▶ **EXERCISE DETAILS**:
Reproduce the records below exactly; the images should not appear.

(Pictures with short captions)

- - - - -

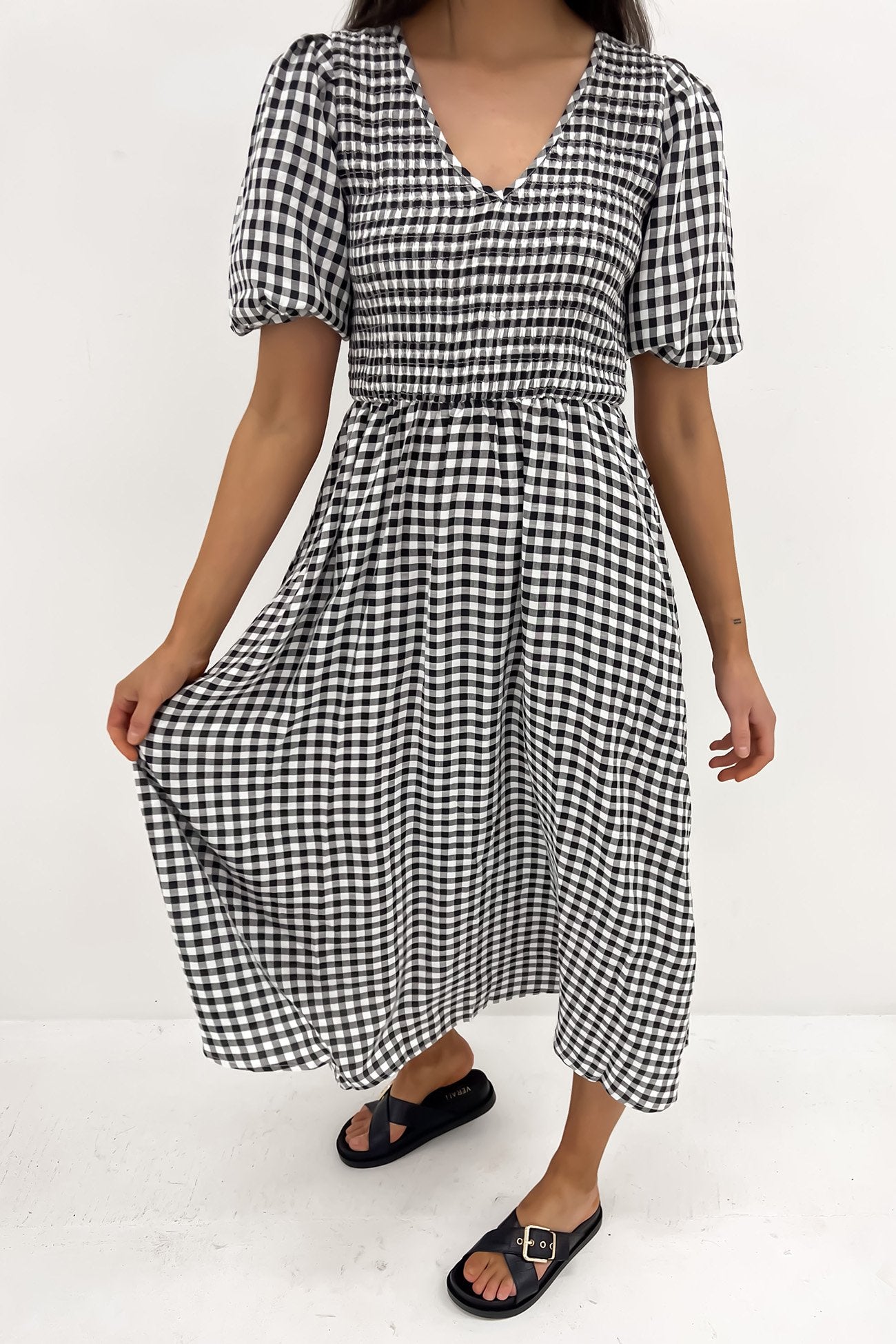 Keisha Midi Dress Black Gingham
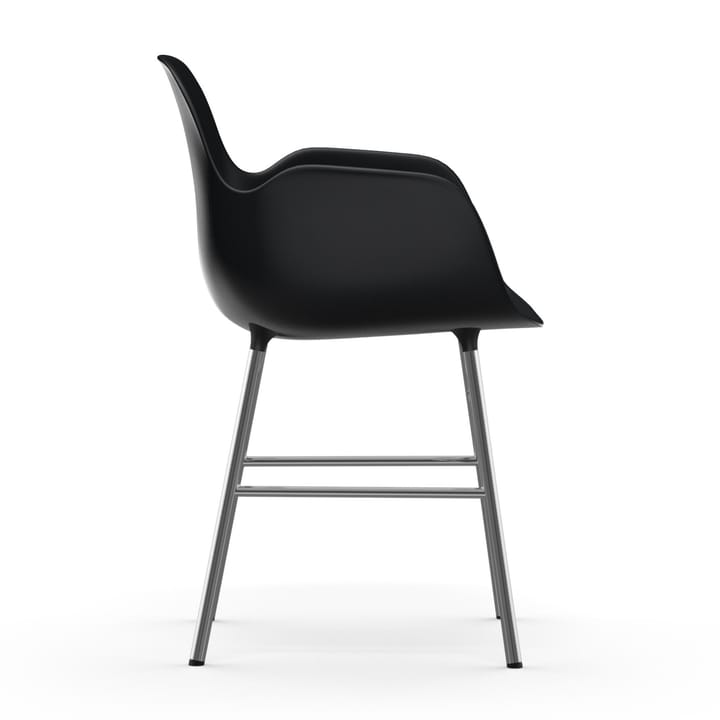 Form stoel met armleuning verchroomde poten, Zwart Normann Copenhagen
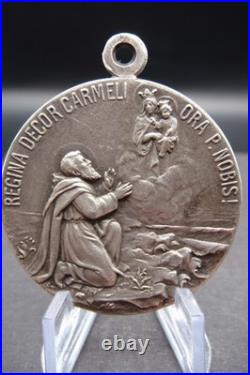 Antique Our Lady of Mount Carmel & St. Joseph Domus Suae Catholic Medal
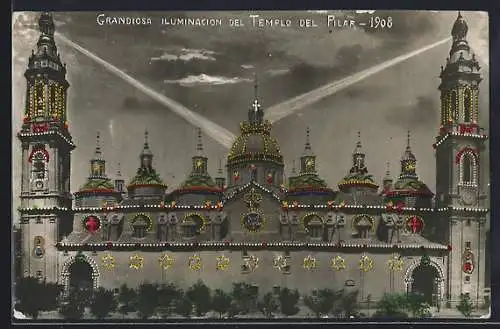 AK Zaragoza, Grandiosa Iluminacion del Templo del Pilar 1908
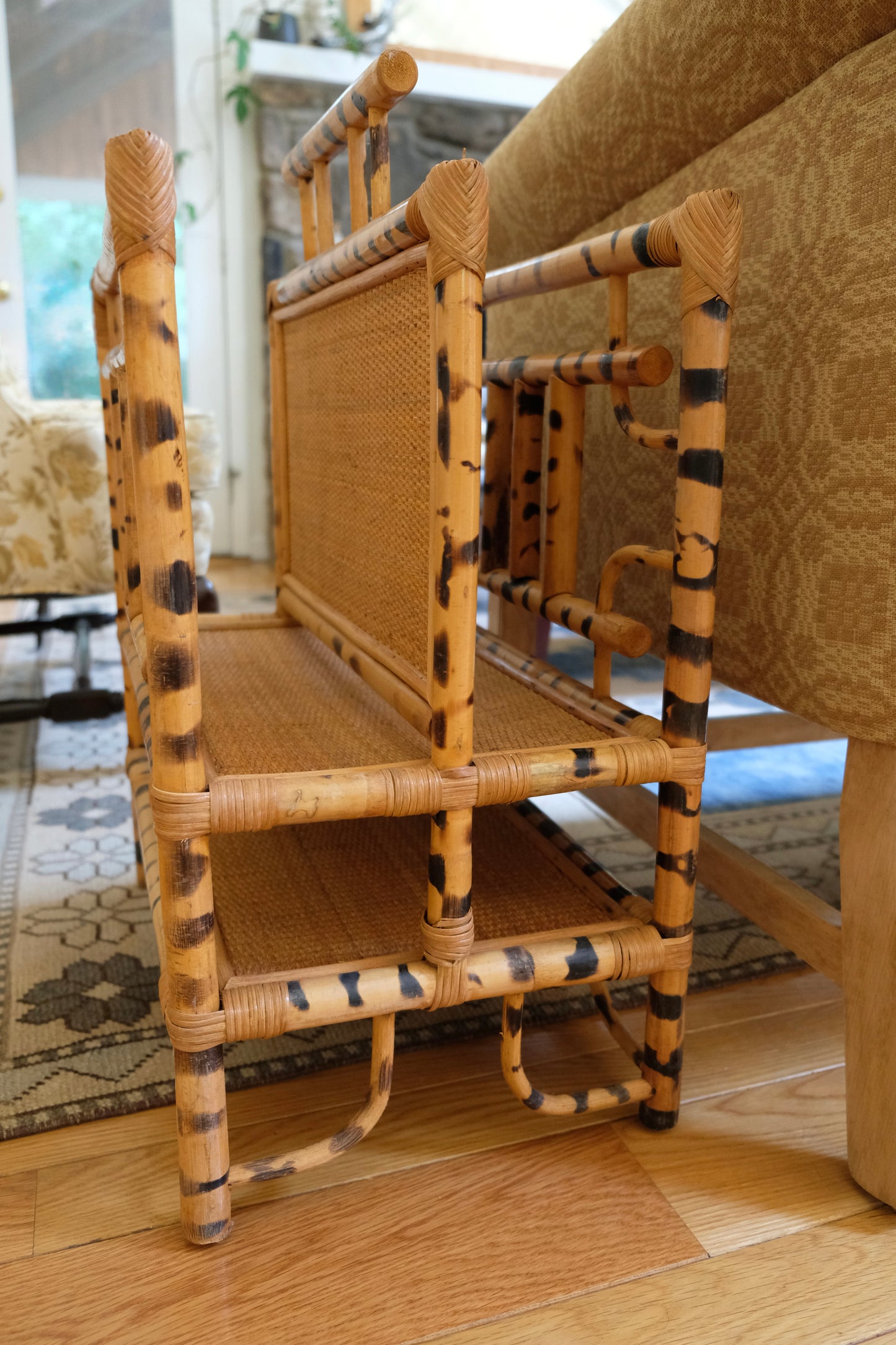 20th Century Burnt Bamboo & Rattan Magazine Rack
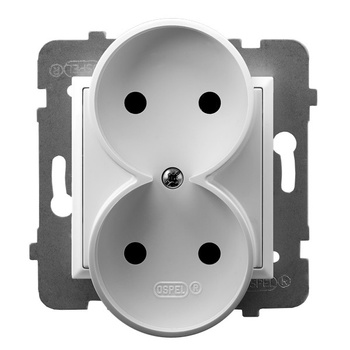 Gniazdo podwójne moduł bez ramki seria ARIA kolor Biały symbol GP-2UR/m/00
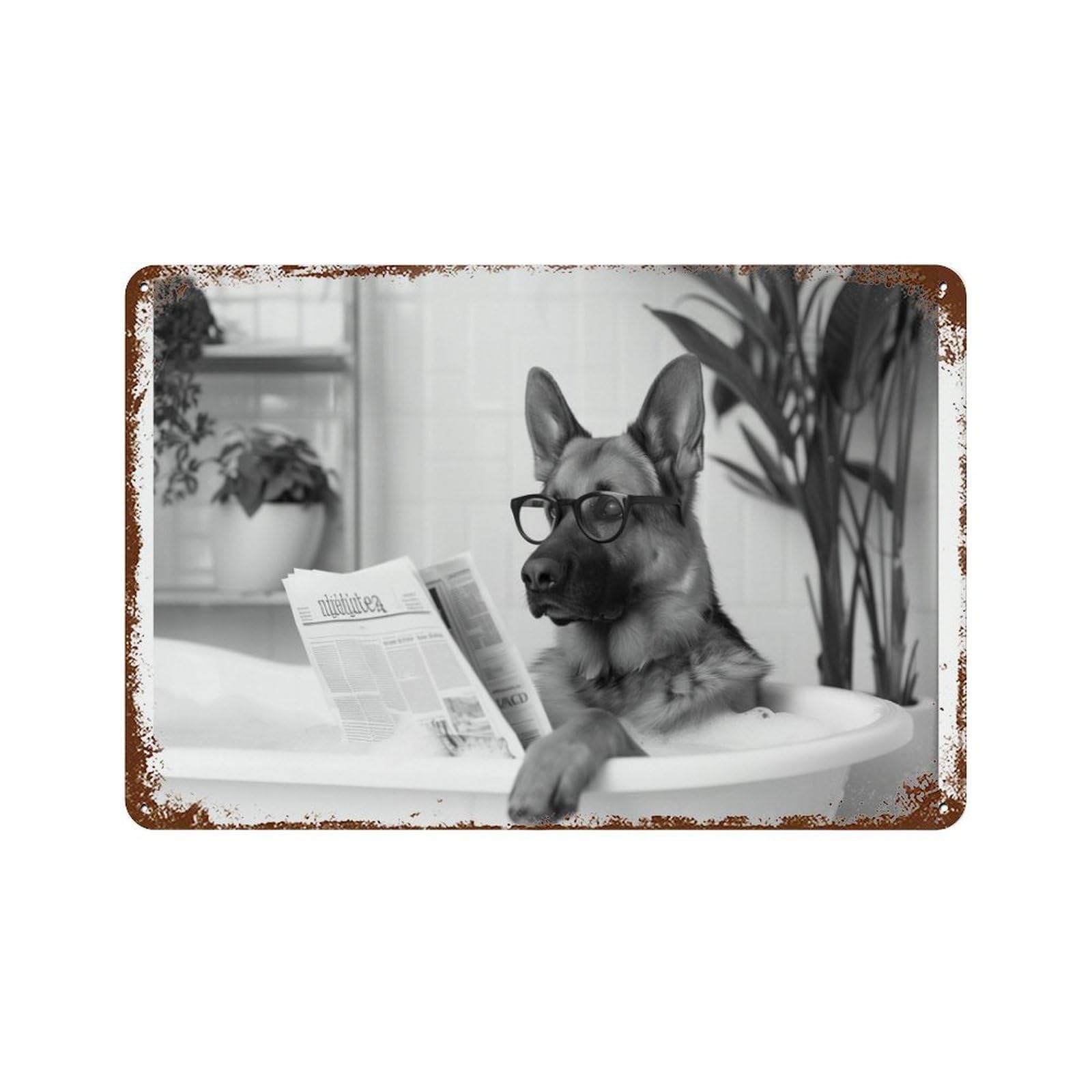 xiaoxiaoshen German Shepherd in Bathtub Dog Reading Newspaper, Funny Bathroom Decor Wall Decor Art Metal Tin Poster Modern Home Decor Art Home Bar Shop Decorations Vintage Sign 20x30cm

- - - - -

▶ **ANSWER BOX**:
 Keisha Midi Dress Black Gingham
 Form stoel met armleuning verchroomde poten, Zwart Normann Copenhagen
 Antique Our Lady of Mount Carmel & St. Joseph Domus Suae Catholic Medal
 AK Zaragoza, Grandiosa Iluminacion del Templo del Pilar 1908
 20th Century Burnt Bamboo & Rattan Magazine Rack
 Gniazdo podwójne moduł bez ramki seria ARIA kolor Biały symbol GP-2UR/m/00
 xiaoxiaoshen German Shepherd in Bathtub Dog Reading Newspaper, Funny Bathroom Decor Wall Decor Art Metal Tin Poster Modern Home Decor Art Home Bar Shop Decorations Vintage Sign 20x30cm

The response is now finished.